We have taken too many things for granted so far, and if we want to build this country, we must be serious to deal with these foreigners who come into this country at will and please themselves with what they do.

Buhari said recently that true federalism is the only way to go, what is your take on this?

When people talk about true federalism, they are talking about federalism from their perspectives. I keep saying this, we should organise a roundtable where we talk to each other politely, nicely in a cordial atmosphere, but when we insult and shout at each other and say, this is what we want, it will not get us anywhere.

We have the National Assembly, and they are the ones to amend our constitution, so we must be very careful who we elect into the NASS, we must talk to them; our leaders, our opinion leaders and elites must talk with these people on what we want.
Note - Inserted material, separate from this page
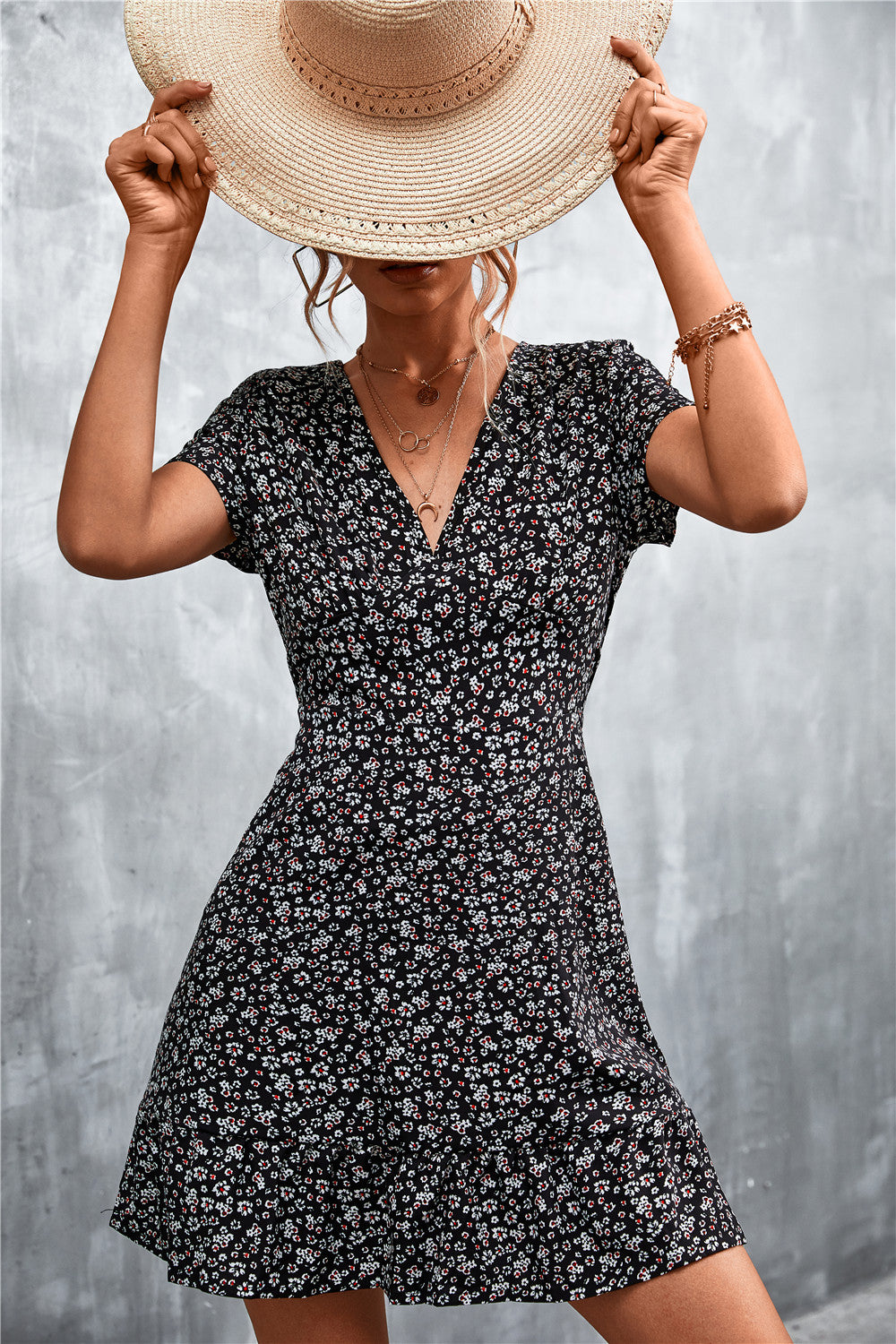 Damen Sommerliches Minikleid mit floralem Design und verspieltem Saum Sovae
The sovereignty lies in the individuals, but they have surrendered their sovereignty by electing some people into the National Assembly.

The NASS we have now is going to be responsive, so what we should do now is to organise our thinking; get our thinking under one roof and talk so that when we agree on what we want, we then take it to the National Assembly because everybody can see the gap that exits, which have made our federation difficult. People now choose what they think is in their advantage and propagate it.

Now, it is coming from the president, how do you advise him on how to go about implementing true federalism?

Let him talk to various states; let him talk to various geo-political zones, and they should be balanced people, and not people who are on the lunatic fringe; people who will be reasonable and see reasons in each other so that we can agree among ourselves, but if we delay it and it gets worse by the day, and from talking we get to shouting and from shouting we get to harming each other, then there will be no Nigeria to call our own.

 People are already talking of where political power should reside in 2023; some argue that the North should retain it, while others argue that it should be Southwest, some say it is the turn of Southeast, what is your position on this?

Nigeria, as a growing concern is dependent on give and take, we have the North and the South divide, and if you remember the amalgamation of 1914 was on the Northern Protectorate and the Southern Protectorate, then we have to be sensible.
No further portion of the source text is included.